By another agreement dated January 28, 1947 the following
clause was substituted for the above cl. 7 of the original
agreement:
"The Government shall be entitled to ten per
cent of the net profits of the Company in
every year. For the purpose of this clause
net profits means the amount for which the
Company’s audited profits in any year are
assessed to Income-tax in the State of
Travancore."
For the assessment year 1958-59 (the corresponding previous
year being May 1, 1956 to April 30, 1957) the amount payable
to Government under the aforesaid cl. 7 came to Rs 42,480/-.
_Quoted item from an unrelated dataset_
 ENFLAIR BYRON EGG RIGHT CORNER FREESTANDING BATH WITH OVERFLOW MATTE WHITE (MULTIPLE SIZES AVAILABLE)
The appellate Assistant Commissioner disallowed the claim of
the appellant for deduction of this amount on the ground
that it was virtually mere sharing of profits after they
came into existence. The appellate Assistant Commissioner
relied upon the decision in The Pondicherry-Railway Company
v. C.I.T.(1) in disallowing this item of expenditure. The
appellant preferred an appeal against the order of the
appellate Assistant Commissioner to the Income-tax Appellate
Tribunal which held that the case came within the principle
of the decision in British Sugar and Manufacturers Ltd. v.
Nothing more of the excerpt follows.